Thermoplastics are used by nearly all Fused Deposition Modeling (FDM) 3D printers because when they’re heated past their melting temperature, they become pliable and workable. They are also used by powder bed fusion processes like Multi Jet Fusion (MJF) or Selective Laser Sintering (SLS). Thermoplastics don’t need to be cured which means that, in theory, the polymers can be re-melted and recycled.

But different thermoplastics are easier to recycle than others, and not all recycling facilities are able to recycle the same materials.

Thermoset plastics

Thermosets are materials like polyurethane or silicone that are molded and then cured. They’re most commonly found in the resin used for vat polymerization 3D printing processes such as Stereolithography (SLA).

It’s often the case that thermoset plastics need curing. While this makes them perfect for high temperatures, it also means that they can’t be recycled with current recycling methods.


Elastomers can be natural – rubber, for instance – or synthetic, such as thermoplastic elastomer (TPE). There are also thermoplastic rubbers, a type of copolymer made with rubber and plastic. They aren’t widely used in 3D printing and are not recyclable.

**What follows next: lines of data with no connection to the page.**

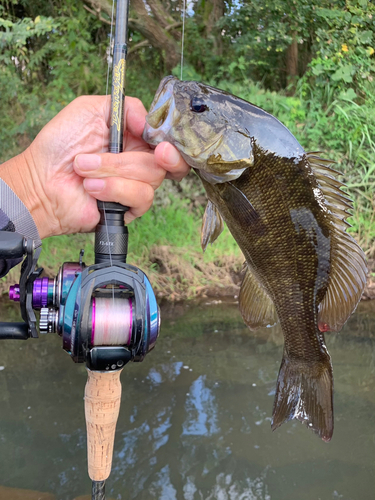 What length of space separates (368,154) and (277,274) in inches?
164

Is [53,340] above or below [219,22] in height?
below

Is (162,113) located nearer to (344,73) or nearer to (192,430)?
(192,430)

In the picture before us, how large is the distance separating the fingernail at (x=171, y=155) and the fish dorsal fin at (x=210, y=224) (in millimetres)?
173

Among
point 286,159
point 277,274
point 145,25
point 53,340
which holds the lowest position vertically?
point 53,340

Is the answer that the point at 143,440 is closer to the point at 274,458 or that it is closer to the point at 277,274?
the point at 274,458

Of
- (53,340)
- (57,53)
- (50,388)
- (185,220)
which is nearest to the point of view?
(50,388)

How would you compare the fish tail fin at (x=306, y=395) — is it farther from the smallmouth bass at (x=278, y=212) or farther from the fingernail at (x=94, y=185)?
the fingernail at (x=94, y=185)

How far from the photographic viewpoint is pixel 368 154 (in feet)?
16.5

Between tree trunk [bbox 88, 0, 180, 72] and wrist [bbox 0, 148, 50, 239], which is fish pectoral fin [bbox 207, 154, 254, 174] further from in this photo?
tree trunk [bbox 88, 0, 180, 72]

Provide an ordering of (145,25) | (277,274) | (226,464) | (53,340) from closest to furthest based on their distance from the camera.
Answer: (277,274) < (226,464) < (53,340) < (145,25)

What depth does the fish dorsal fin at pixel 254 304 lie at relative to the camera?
4.91 feet

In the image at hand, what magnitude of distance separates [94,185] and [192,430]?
165 centimetres

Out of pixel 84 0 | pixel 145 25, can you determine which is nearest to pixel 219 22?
pixel 145 25

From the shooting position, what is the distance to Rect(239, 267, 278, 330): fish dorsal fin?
1.50m
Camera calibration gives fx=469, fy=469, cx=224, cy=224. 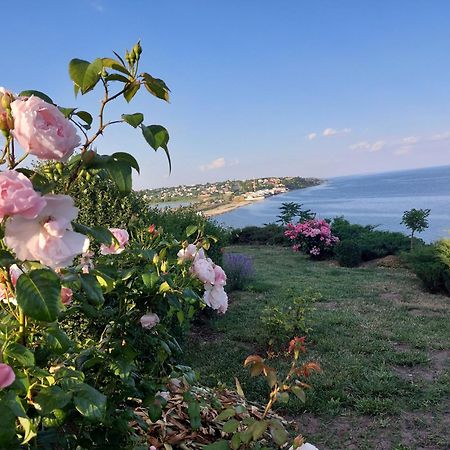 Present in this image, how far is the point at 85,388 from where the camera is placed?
1060mm

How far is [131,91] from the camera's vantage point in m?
1.04

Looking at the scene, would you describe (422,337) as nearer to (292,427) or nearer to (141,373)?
A: (292,427)

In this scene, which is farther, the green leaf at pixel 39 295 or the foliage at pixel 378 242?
the foliage at pixel 378 242

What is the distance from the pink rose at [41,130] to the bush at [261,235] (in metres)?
13.5

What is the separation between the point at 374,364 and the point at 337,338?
2.23 ft

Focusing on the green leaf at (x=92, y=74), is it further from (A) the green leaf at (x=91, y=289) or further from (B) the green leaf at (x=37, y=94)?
(A) the green leaf at (x=91, y=289)

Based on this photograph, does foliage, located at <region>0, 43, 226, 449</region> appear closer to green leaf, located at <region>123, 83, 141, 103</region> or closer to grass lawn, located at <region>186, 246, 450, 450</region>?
green leaf, located at <region>123, 83, 141, 103</region>

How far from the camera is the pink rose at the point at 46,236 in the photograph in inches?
33.1

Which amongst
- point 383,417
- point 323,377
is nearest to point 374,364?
point 323,377

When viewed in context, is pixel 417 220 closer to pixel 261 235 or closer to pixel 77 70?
pixel 261 235

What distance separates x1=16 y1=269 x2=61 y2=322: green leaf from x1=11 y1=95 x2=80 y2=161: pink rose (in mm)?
225

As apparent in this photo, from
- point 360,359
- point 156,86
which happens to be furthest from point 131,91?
point 360,359

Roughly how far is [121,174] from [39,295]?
0.97 ft

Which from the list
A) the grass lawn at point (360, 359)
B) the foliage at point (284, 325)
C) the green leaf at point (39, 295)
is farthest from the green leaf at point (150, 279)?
the foliage at point (284, 325) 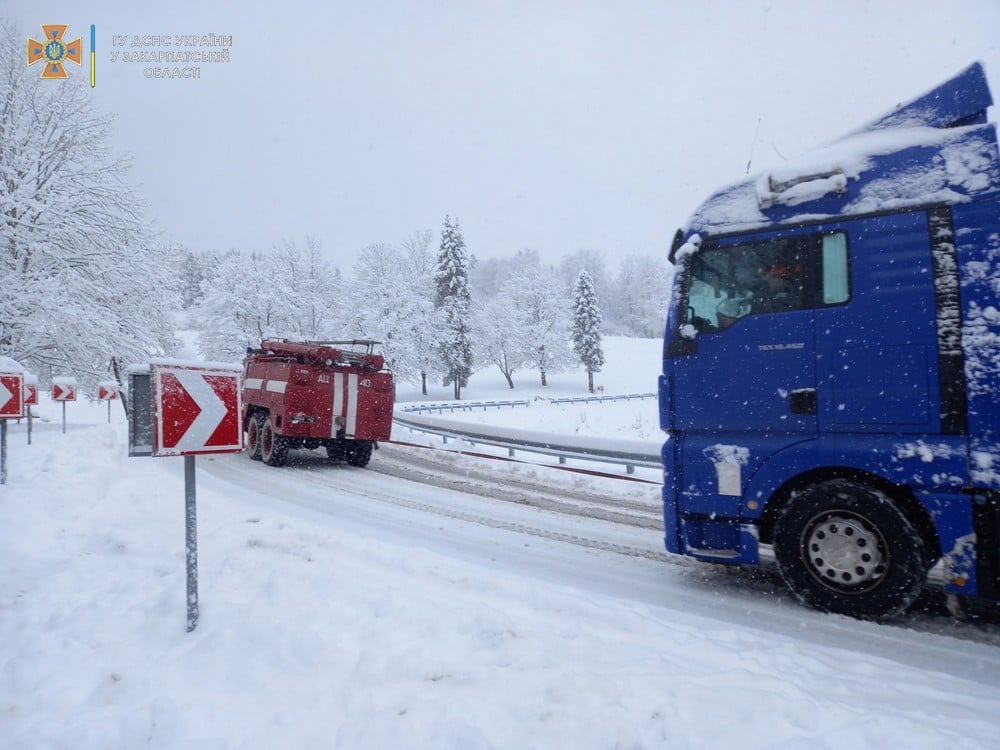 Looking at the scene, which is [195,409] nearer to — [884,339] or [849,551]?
[849,551]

Is 3D printing filament recyclable?

Nearly all 3D printer filaments, including nylon and polycarbonate, are classified Type 7 or “Other” by standards organization ASTM International and are not typically recycled by municipal programs. This includes acrylonitrile butadiene styrene (ABS), polylactic acid (PLA), and polyethylene terephthalate glycol (PETG).

Polypropylene (PP), used in 3D printing for printed parts that are durable, water-tight or light, is recycled in some municipalities.

Some materials recovery facilities do pick up #7 curbside, but 3D printed parts will need to be marked with a Resin Identification Code (RIC). This is a code inside a triangle seen on almost all plastic products that identify different types of plastic. 

If you don’t use an RIC, your potentially recyclable 3D printed parts containing recyclable filaments will be unmarked and will not be collected curbside. 

The best way to find out if your local materials recovery facility will recycle 3D printed objects made from ABS, PLA, PETG, or nylon is to ask them — and also to ask your material supplier for waste characterization guidance.

Designing to reduce plastic waste

Disposing of your 3D printing waste can be a challenge. The trick is to do your best to prevent it in the first place by designing parts intelligently:

  • You can eliminate supports wherever you can or design them into the part itself.
  • When choosing your industrial 3D printer, consider powder bed 3D printing technologies like MJF that can print large builds filled with hundreds of items. 
  • Where the print bed is the support base for the 3D printed part you’re building – with Fused Deposition Modelling (FDM) or Fused Filament Fabrication (FFF), for instance — always make sure the beginning layers are adhering to the bed. If they’re not, there’s more chance of failed prints and wasted parts.

Make sure your printer is maintained regularly so it’s reliable and there’s less chance of print failure.

Learn more about how to design parts to reduce material usage by reading our articles on “Design for Additive Manufacturing” and “How expensive is a 3D printer to maintain?

Case study: Transforming 3D waste into automotive parts — an industry first

Since early 2021, HP and the Ford Motor Company — together with international oral care leader, SmileDirectClub and resin producer, Lavergne - have been pioneering the recycling of 3D printer waste into low-volume vehicle parts. The parts have better chemical and moisture resistance than conventional versions, are 7% lighter and cost 10% less.

The process involves Lavergne, a longtime recycling partner of HP, transforming SmileDirectClub’s dental aligner molds (3D printed with HP Multi Jet Fusion) into high-quality recycled plastic pellets, that can then be used for injection molding of fuel-line clips for Ford. This remarkable new approach has the potential to revolutionize customization of low-volume vehicle parts and accelerate sustainability.

HP and Ford have already identified at least ten other fuel-line clips on other Ford vehicles suitable for being made with 3D printing waste and are working on injection molding those designs.